He continued mentioning there are six gorilla families here in Bwindi Impenetrable Forest. Five of these are for tourism and the other one for research. There were a total of seven hundred and fifty live gorillas. We were going to be divided into three groups each tracking one gorilla family.

He discussed issues such as if a group doesn’t find gorillas, they will be refunded half the $500 park entrance fee. People who are unfit and don’t want to continue will be provided with two guides to help them out, but they won’t get any refund. He suggested these people join a gym and come back in a year or two. He mentioned anyone who doesn’t want to do the walking and tracking, they can pay around $300 depending on distance, and when gorillas are found, they can utilize the local quick response rescue team to take them up there by helicopter, and then take them down again after the hour of viewing. That idea was very tempting, but what is a gorilla trek without the slog that comes with it? I have travelled half way around the world to experience this.

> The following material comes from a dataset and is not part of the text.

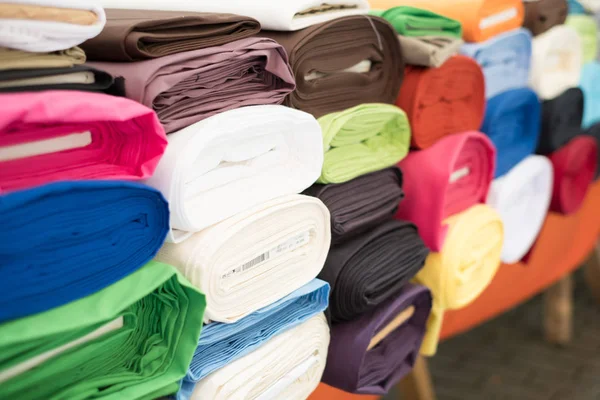 Rouleaux Textiles Échantillons Tissus Colorés Sur Marché — Photo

He mentioned that otherwise we have to stick together as a group. There were many dangerous animals out there in the forest, and we are susceptible to attack. Therefore one of the assistant guides will be carrying a semi-automatic AK47 gun. Although they will do whatever they can to scare any predators away, they will shoot them if they have to in order to protect us.

Then he mentioned someone had a lazy leg. We didn’t know what he was talking about until he pointed to my walking polé. He then showed us some really nice walking poles which he called lazy legs, and offered to sell one to us and to take away. I can’t imagine getting one of these onto the plane back to Australia through. He said if you didn’t want to buy a lazy leg, then we can borrow one at the start of the trek. The borrowed ones obviously won’t be as nice as his ones for sale though.

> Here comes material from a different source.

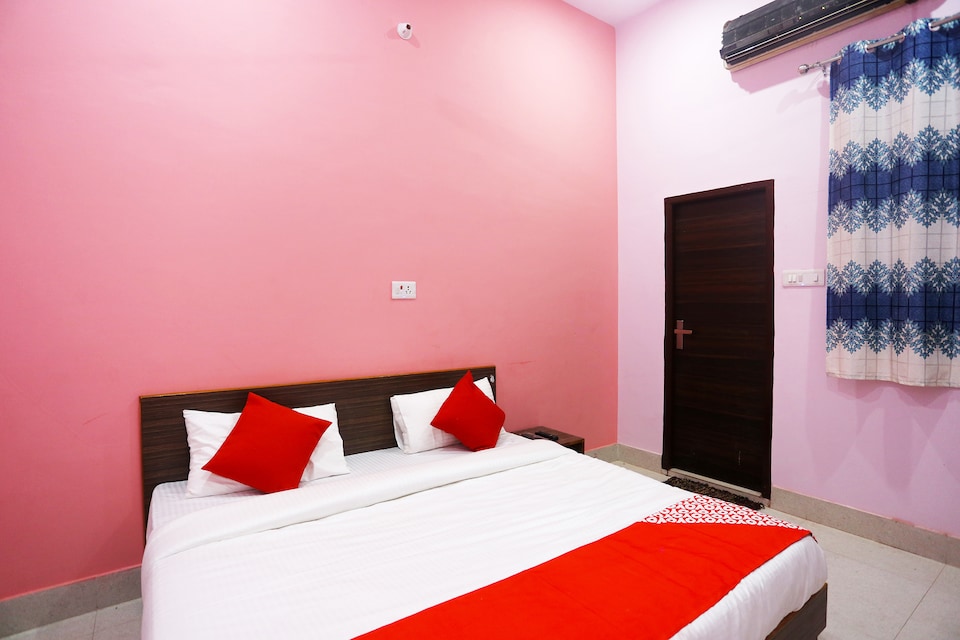 OYO 48648 Hotel Dezire, Hodal, Hodal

I liked the term “lazy leg”, so will refer to my walking pole as my lazy leg from now on.

He then asked us to look at our tickets and join the group outside. There were three signs outside, so I went to the Mishaya group. This included the four of us from my tour, a Dutch lady and two young guys from Sydney. Here we met our guides.

My porter
My porter

The main guide was Wilbur – a name easy for me to remember as my chief guide on the Inca Trail was also named Wilbur. The assistant guide with the shotgun was Charlie. Wilbur was wearing a large grey jacket and carrying a small sickle. He asked us if anyone wants a porter. Only Sandra and I requested porters. Two young men approached, and I introduced myself to my porter. He introduced himself as Dougie and he seemed to be a really nice natured bloke. Like most of the locals, he had a very athletic physique so he will be fine to carry my large camera during the tough part of the trek if needed.

Once the meeting and greeting was done, we walked back down to the vans. Our group jumped back into our van with Jeremiah, our porters and also with Charlie, so it was rather crowded. We set off back along the rough road to our starting point.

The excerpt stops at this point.